Lalu pada 27 November 29, seorang pengendara motor berinisial AP (18) juga tewas setelah ditabarak oleh bus Trans Jogja di Jalan Padjajaran atau Ring Road Utara.
Dalam kejadian terakhir itu bus Trans Jogja diketahui menerobos lampu lalu lintas hingga akhirnya menabrak sepeda motor yang dikendari AP, Seorang pelajar asal Wonogiri, Jawa Tengah.
Kasatlantas Polres Sleman AKP Mega Tetuko mengatakan kecelakaan itu terjadi sekitar pukul 10.00 WIB. Bus Trans Jogja dengan nomor polisi AB 7837 AK yang dikemudikan Arif Himawan Suryadi (32) melaju dari arah barat ke timur dengan kecepatan sedang.
"Sesaat mendekat TKP di simpang empat UPN lampu traffic menyala kuning terus menyala merah, namun bus tetap melaju," kata Mega saat dikonfirmasi Kamis (28/11/2019).
Tidak membutuhkan waktu lama, polisi kemudian menetapkan sang pengemudi Trans Jogja sebagai tersangka dalam kasus tersebut.
"Status [pengemudi Trans Jogja] tersangka, dari penyidik bahwa memang bus melanggar. Sepeda motor [melaju saat] sudah warna hijau, sehingga sudah haknya untuk sepeda motor [melaju]," kata Kabid Humas Polda DIY, Kombes Pol Yuliyanto.
Yuliyanto mengatakan tersangka dikenakan pasal Pasal 311 ayat 5 UU 22 thn 2009. Pengemudi diduga dengan sengaja mengemudikan kendaraan Bermotor dengan cara atau keadaan yang membahayakan bagi nyawa atau barang.
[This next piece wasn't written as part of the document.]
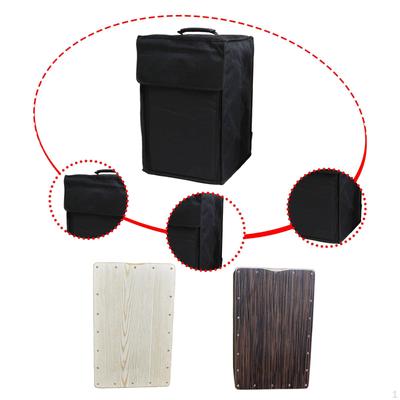 Cajon Drum Case Backpack Oxford Cloth Storage Bag Lightweight Wear Resistant Percussion Portable Gig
Perlu Jalur Khusus Trans Jogja
Operator Trans Jogja, PT AMI melalui Direktur Utamanya, Dyah Puspitasai menyatakan setelah kejadian itu langsung memecat sang sopir dan juga pramugara Trans Jogja yang telah ditetapkan sebagai tersangka.
Usai kejadian ini, PT AMI kata dia juga langsung melakukan evaluasi. Untuk meninimalisir terjadinya kelalaian pengemudi, ia akan memperketat pola rekrutmen dan memperkuat pembinaan para karyawan.
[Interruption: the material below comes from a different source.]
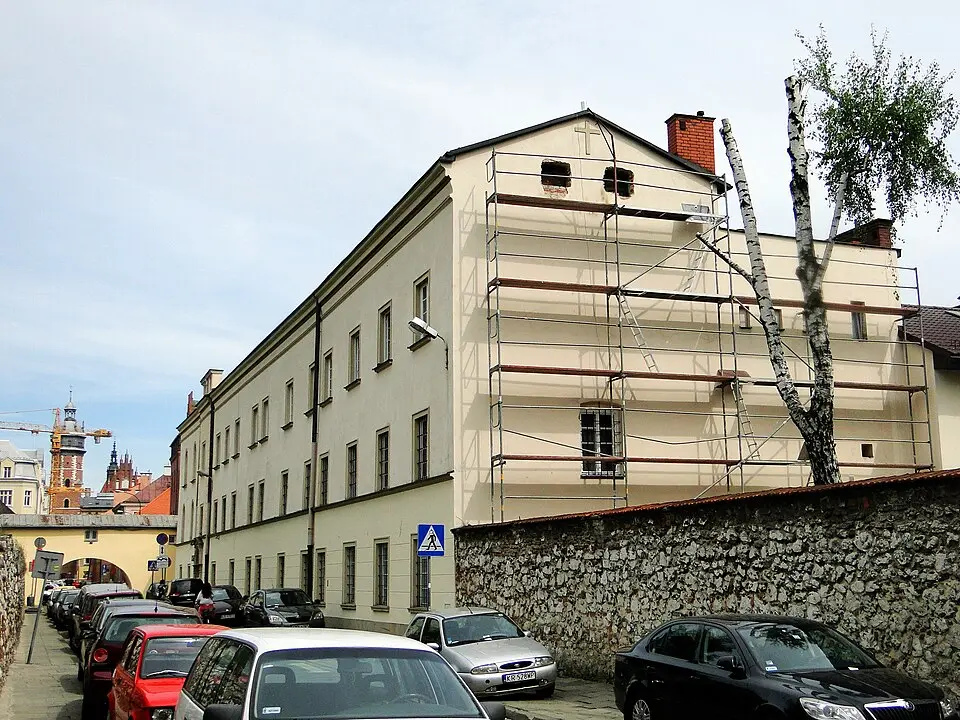 Klasztor, Skałeczna 12 w Krakowie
Dyah mengatakan selain kelalaian manusia, ketidak tersediaan jalur khusus bagi Trans Jogja menurutnya menjadi salah satu faktor yang menyebabkan terjadinya kecelakaan. Oleh karena itu ia berharap akan ada jalur khusus untuk Trans Jogja.
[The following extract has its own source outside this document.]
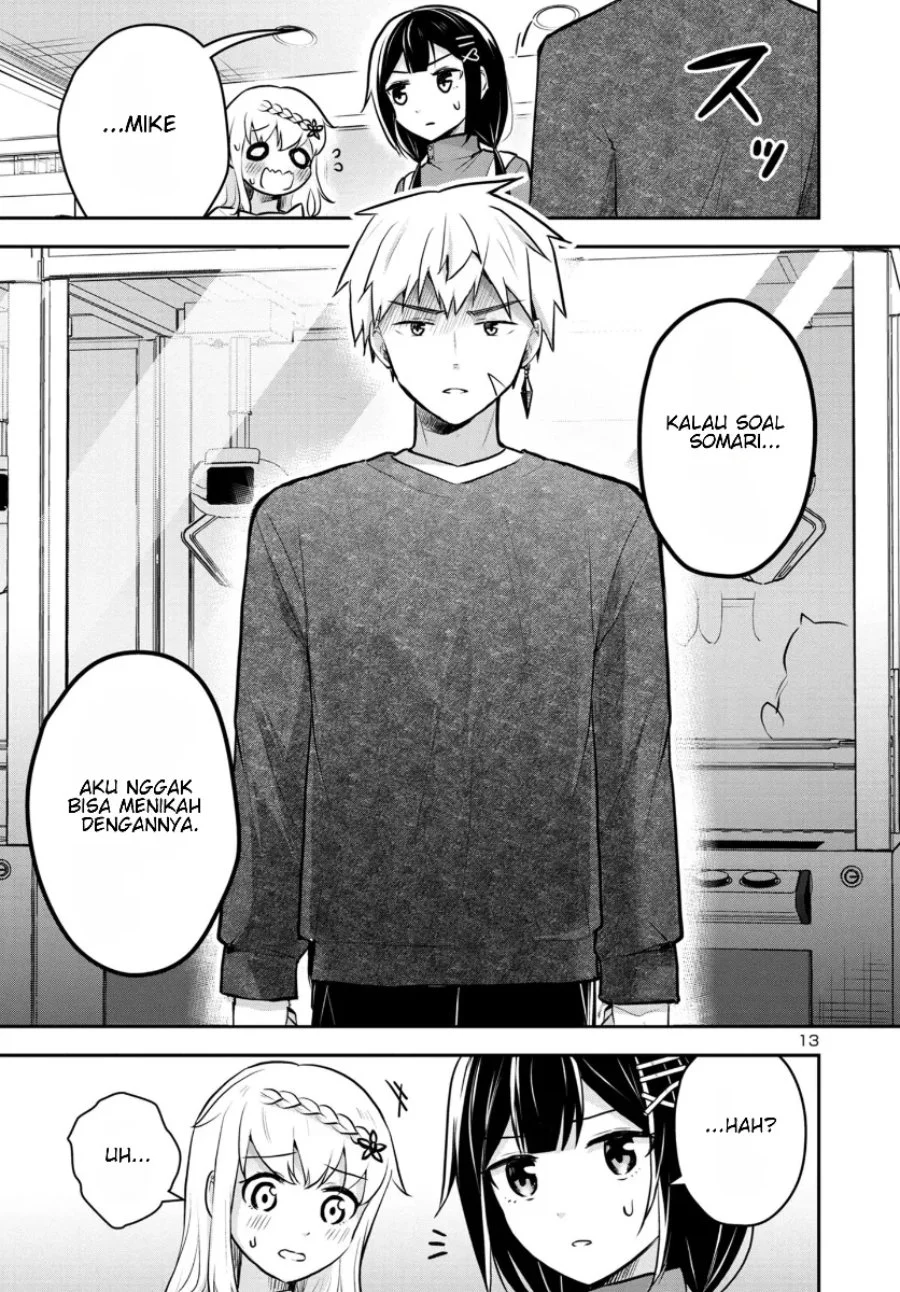Isekai Saikyou, Nippon de JK to Konkatsu Suru Chapter 10 - halaman 14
"Kita berharap supaya Trans Jogja sebagai transportasi publik andalan di Jogja bisa mendapatkan perlindungan setidaknya ada jalur yang tidak sama dengan pengendara lain," kata Dyah kepada Tirto.
Bus Trans Jogja yang berukuran besar kata dia sangat berisiko ketika berada di jalur yang sama dengan kendaraan pribadi terutama sepada motor. Oleh karena itu selain dukungan pemerintah melalui subsidi, ia berharap juga ada perlindungan dalam bentuk jalur khusus.
Dyah mengatakan ia telah berdiskusi dengan Dinas Perhubungan DIY terkait dengan perlunya jalur khusus bagi Trans Jogja. Tetapi memang jalur khusus menurutnya perlu kajian yang komperhensif.
Kepala Dinas Perhubungan DIY Sigit Sapto Raharjo mengatakan, wacana jalur khusus bagi Trans Jogja menurutnya memang harus ada studi yang komperhensif.
Ia tak ingin jalur khusus itu nantinya malah hanya berorientasi untuk mengejar untung bagi operator.
Hal ini terkait kondisi jalan di Yogyakarta cenderung sempit, sehingga jika harus ada jalur khusus untuk Trans Jogja maka akan menjadi tambah sempit. Imbasnya kata dia malah akan menimbulkan masalah baru yakni kemacetan.
"Kita akan membuat studi di titik-titik yang rawan macet itu, apakah perlu jalur khusus. [Bisa jadi] misalnya hanya titik-titik tertentu dibuat jalur khusus," kata Sigit.